**What the task requires**
The entries that follow need to be reproduced exactly, minus any images.

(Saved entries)

════

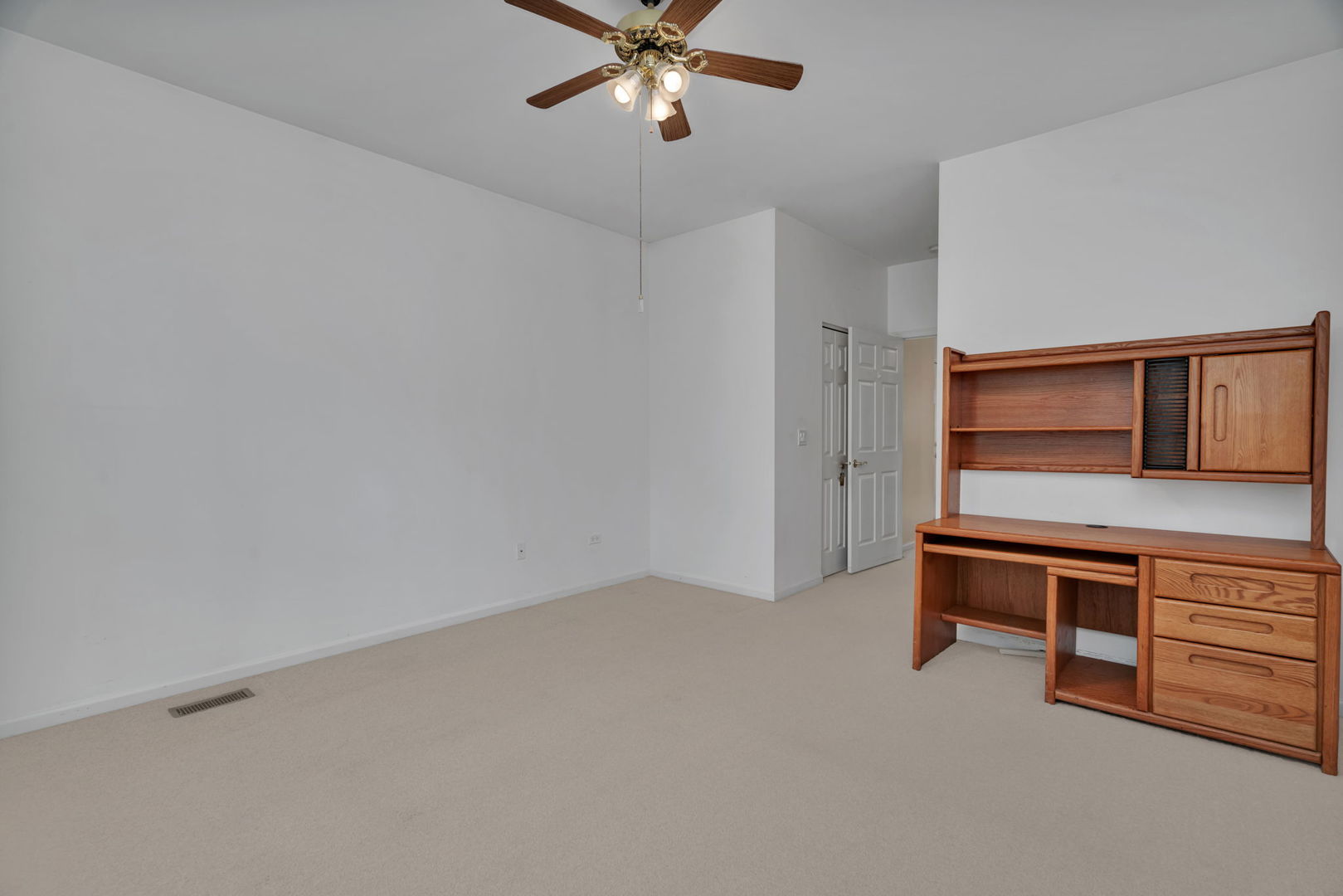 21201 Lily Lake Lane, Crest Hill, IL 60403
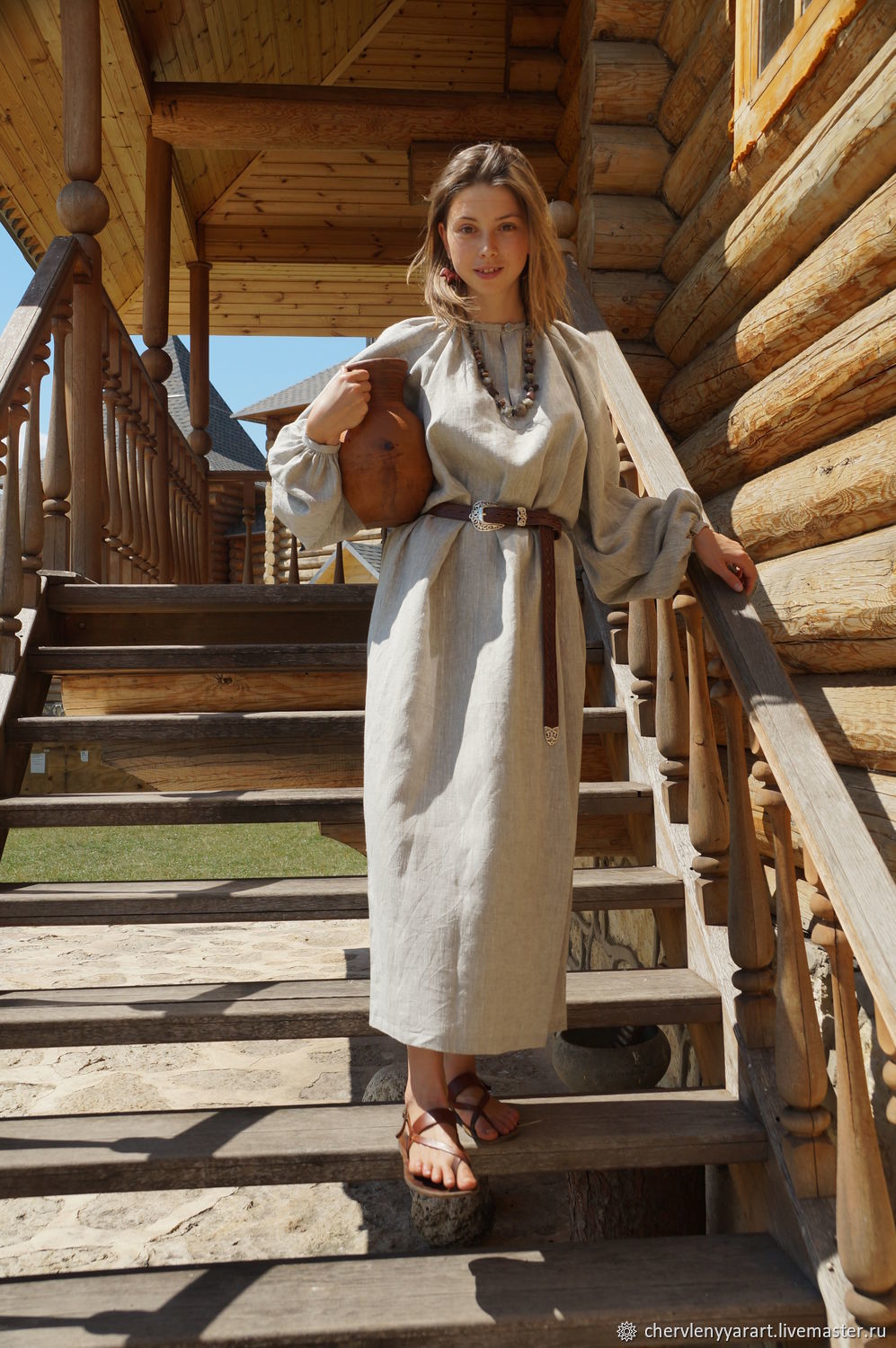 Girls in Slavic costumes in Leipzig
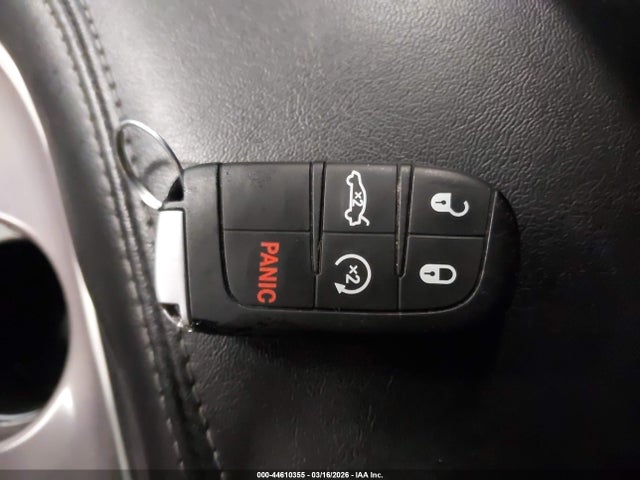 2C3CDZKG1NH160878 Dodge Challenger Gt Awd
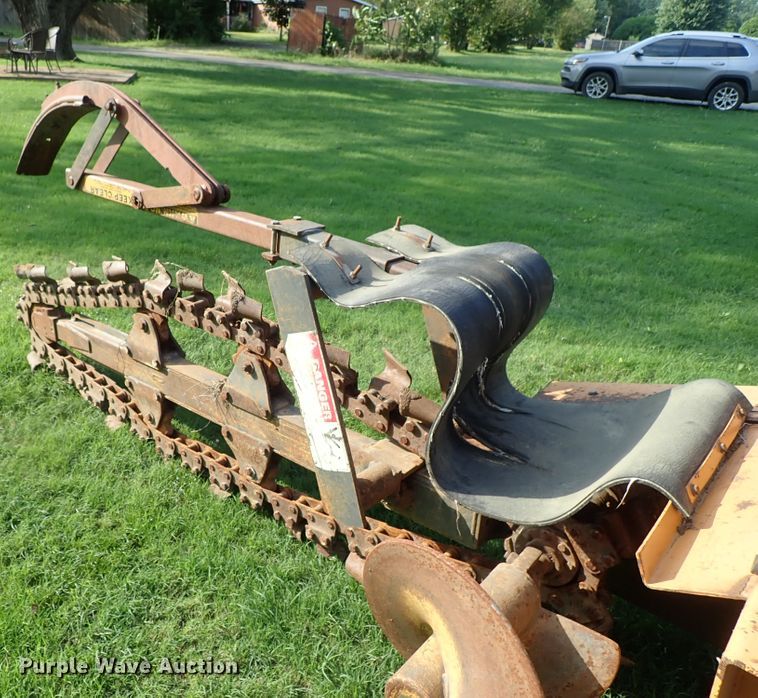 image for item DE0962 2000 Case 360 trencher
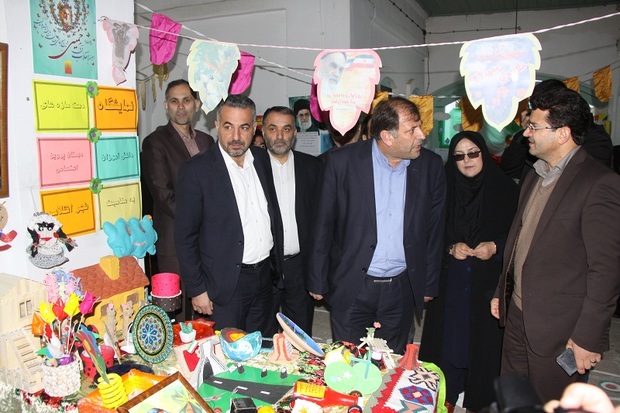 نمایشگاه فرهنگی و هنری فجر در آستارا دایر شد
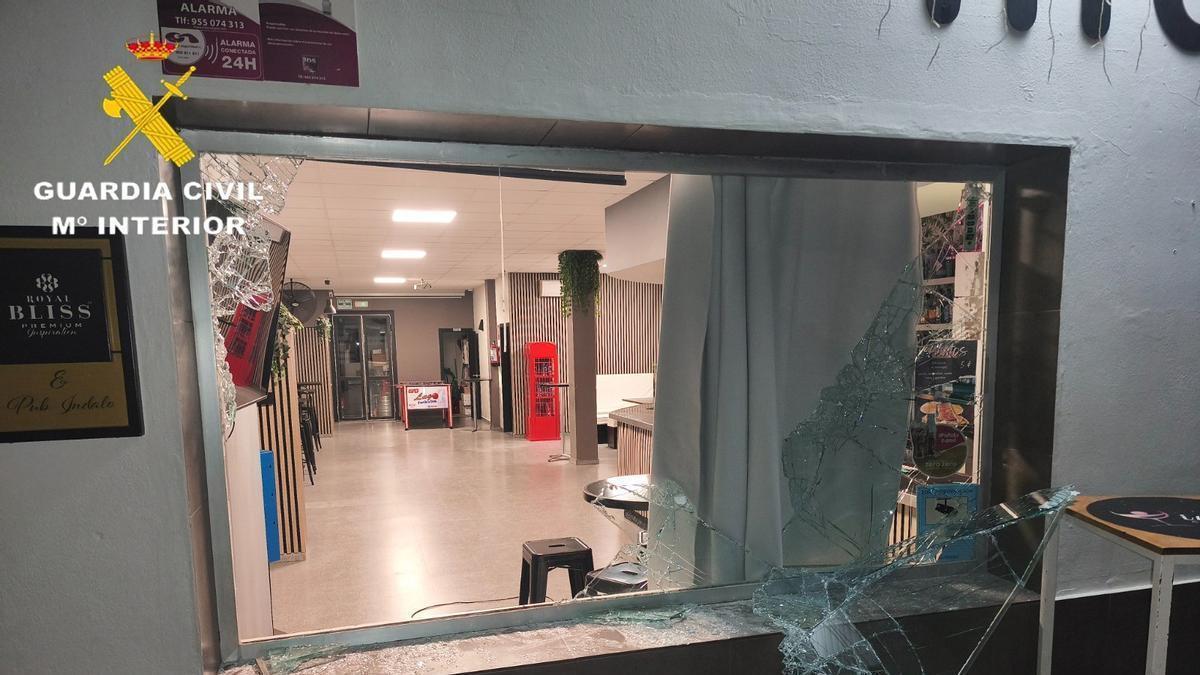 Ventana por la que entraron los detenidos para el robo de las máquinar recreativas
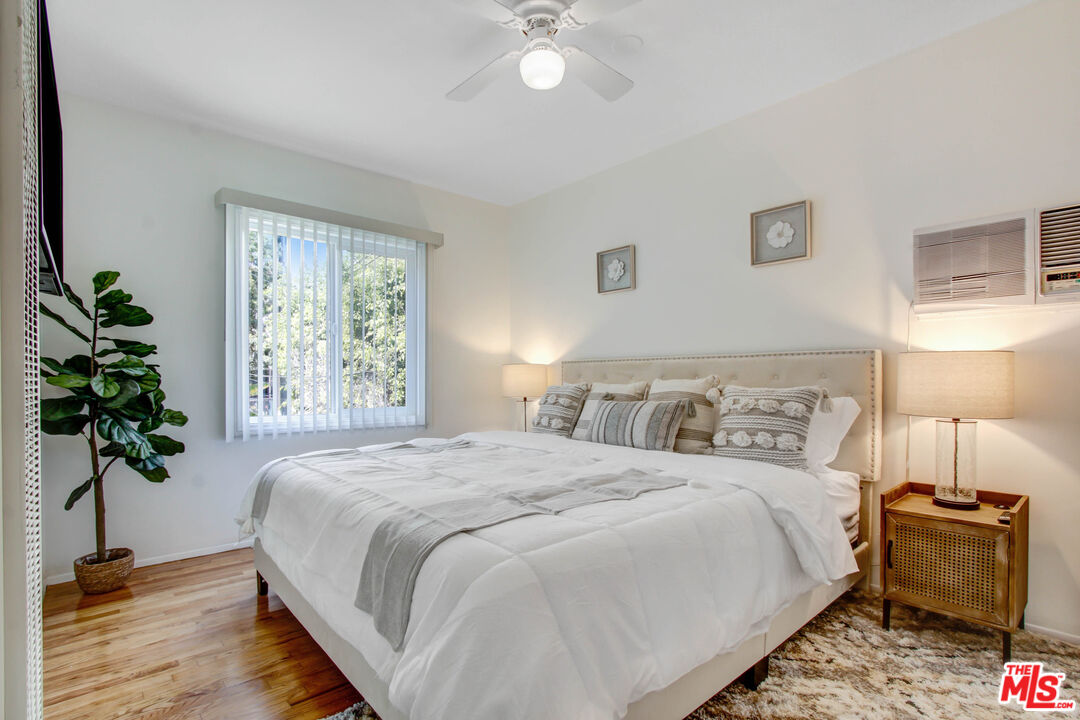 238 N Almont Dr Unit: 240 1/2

════

**Response below**
 21201 Lily Lake Lane, Crest Hill, IL 60403
 Girls in Slavic costumes in Leipzig
 2C3CDZKG1NH160878 Dodge Challenger Gt Awd
 image for item DE0962 2000 Case 360 trencher
 نمایشگاه فرهنگی و هنری فجر در آستارا دایر شد
 Ventana por la que entraron los detenidos para el robo de las máquinar recreativas
 238 N Almont Dr Unit: 240 1/2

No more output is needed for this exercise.